■ **TASK INPUT**
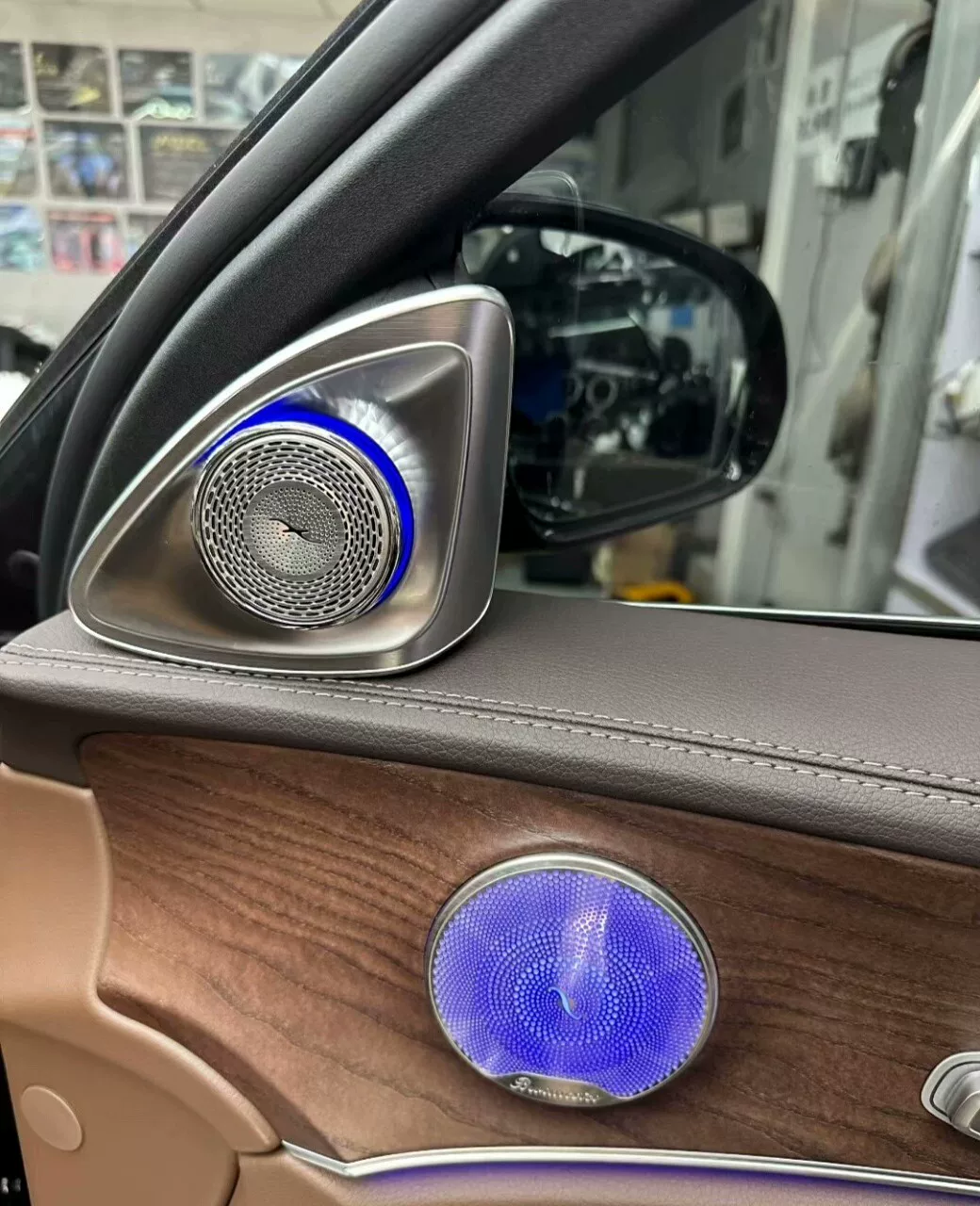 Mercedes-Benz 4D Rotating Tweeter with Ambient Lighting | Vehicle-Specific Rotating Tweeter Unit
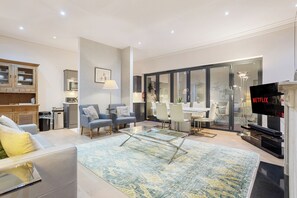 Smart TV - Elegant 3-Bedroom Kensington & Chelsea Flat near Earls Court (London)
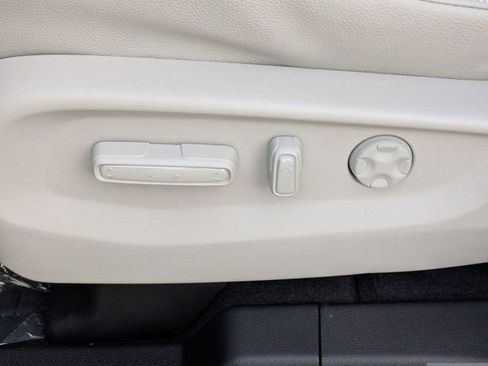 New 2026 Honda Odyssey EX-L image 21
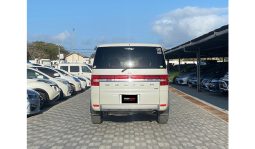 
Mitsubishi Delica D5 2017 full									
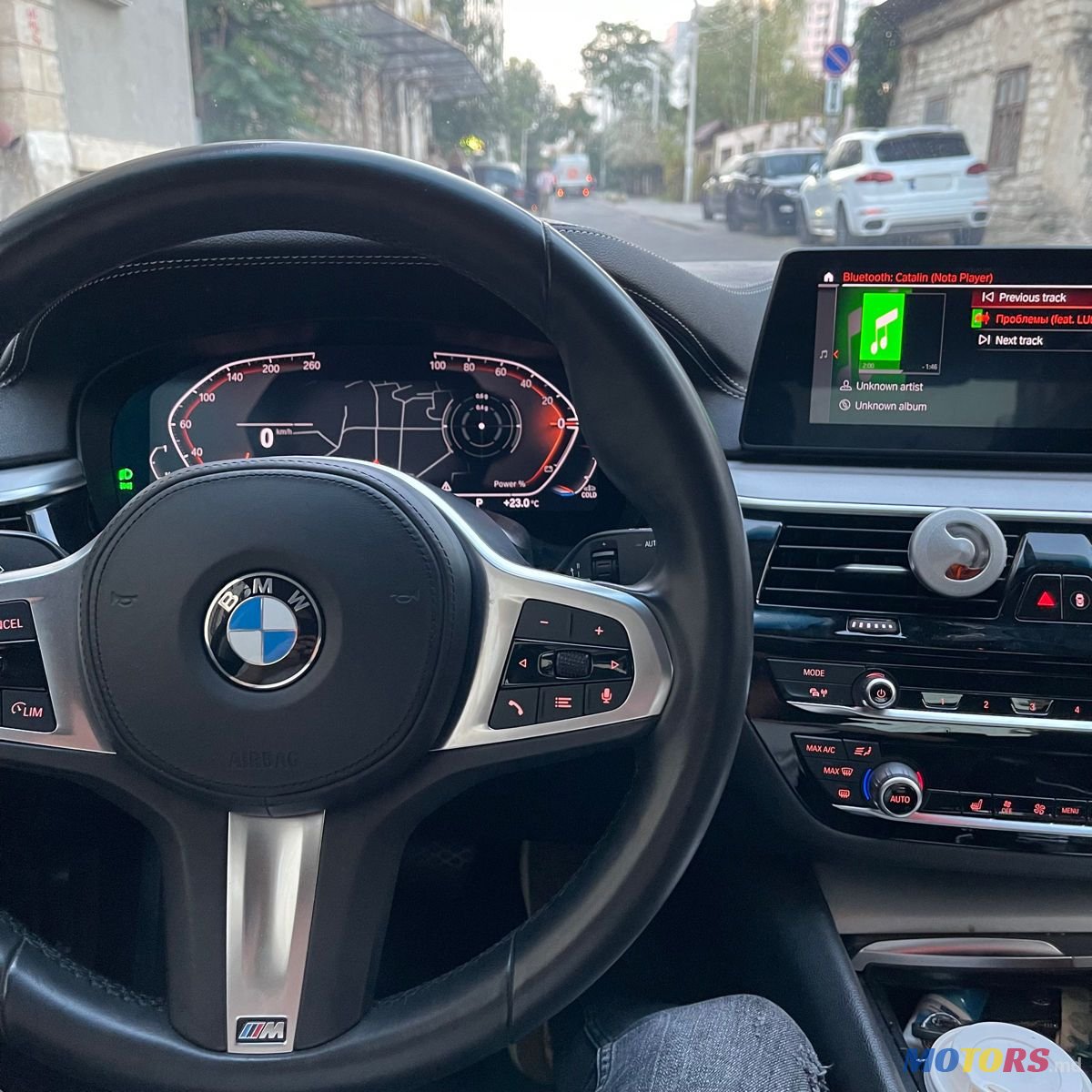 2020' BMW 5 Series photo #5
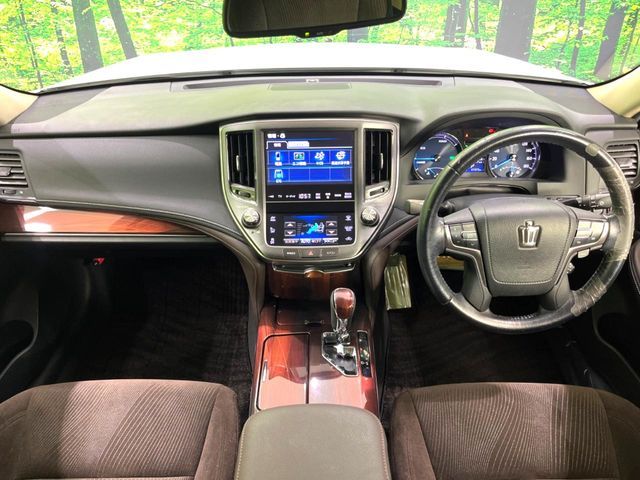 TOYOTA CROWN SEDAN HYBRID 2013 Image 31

==

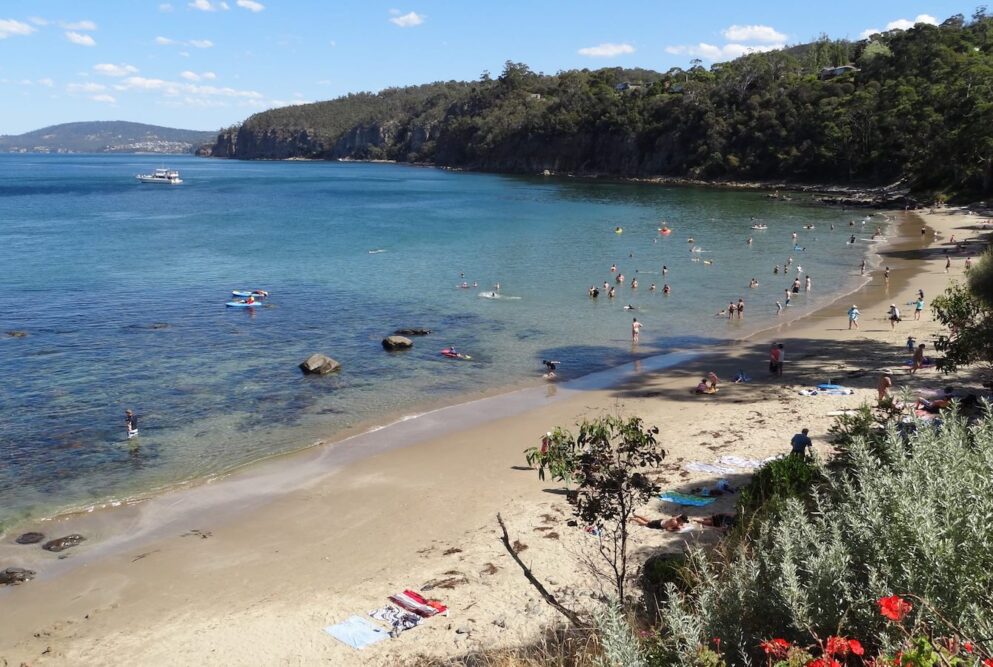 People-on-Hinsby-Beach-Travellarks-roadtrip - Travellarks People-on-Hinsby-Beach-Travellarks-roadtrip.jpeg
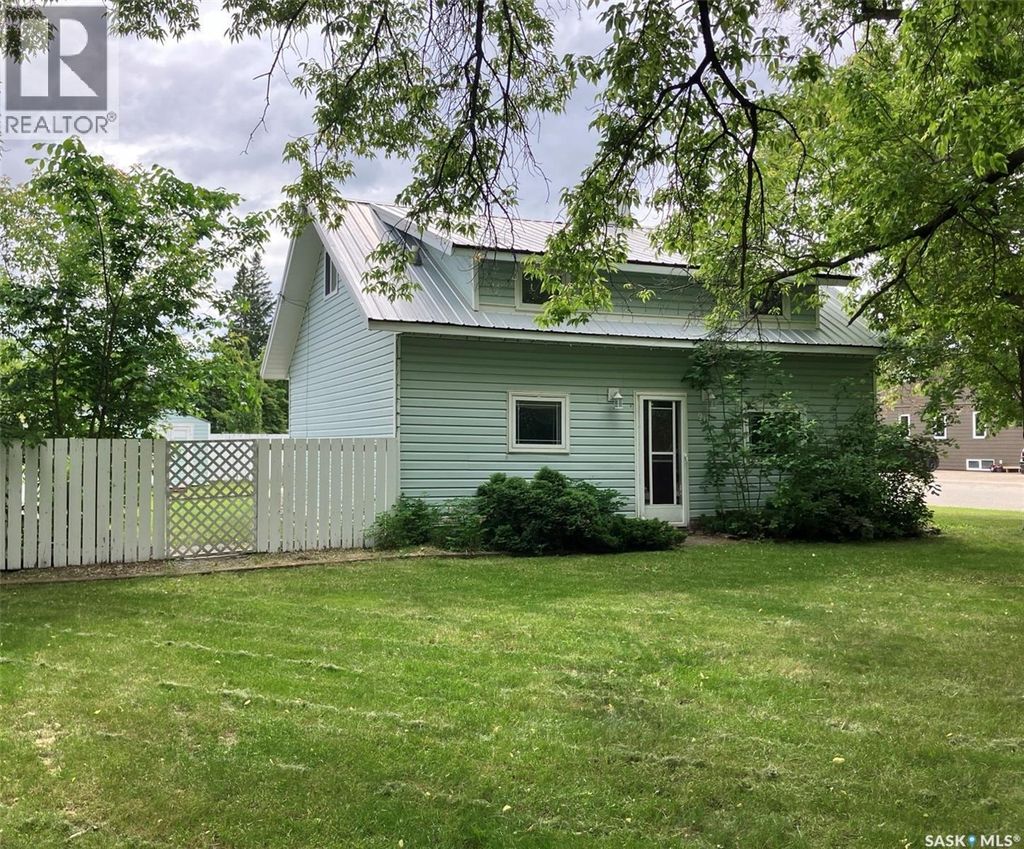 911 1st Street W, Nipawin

■ **INSTRUCTIONS FOR THE TASK**
Reproduce exactly the lines of the data above that run from the line with "People-on-Hinsby-Beach-Travellarks-roadtrip - Travellarks" down to the line with "911 1st Street W, Nipawin", both ends included. Pictures do not belong in the copy.

■ **RESULT OF THIS EXERCISE**
 People-on-Hinsby-Beach-Travellarks-roadtrip - Travellarks People-on-Hinsby-Beach-Travellarks-roadtrip.jpeg
 911 1st Street W, Nipawin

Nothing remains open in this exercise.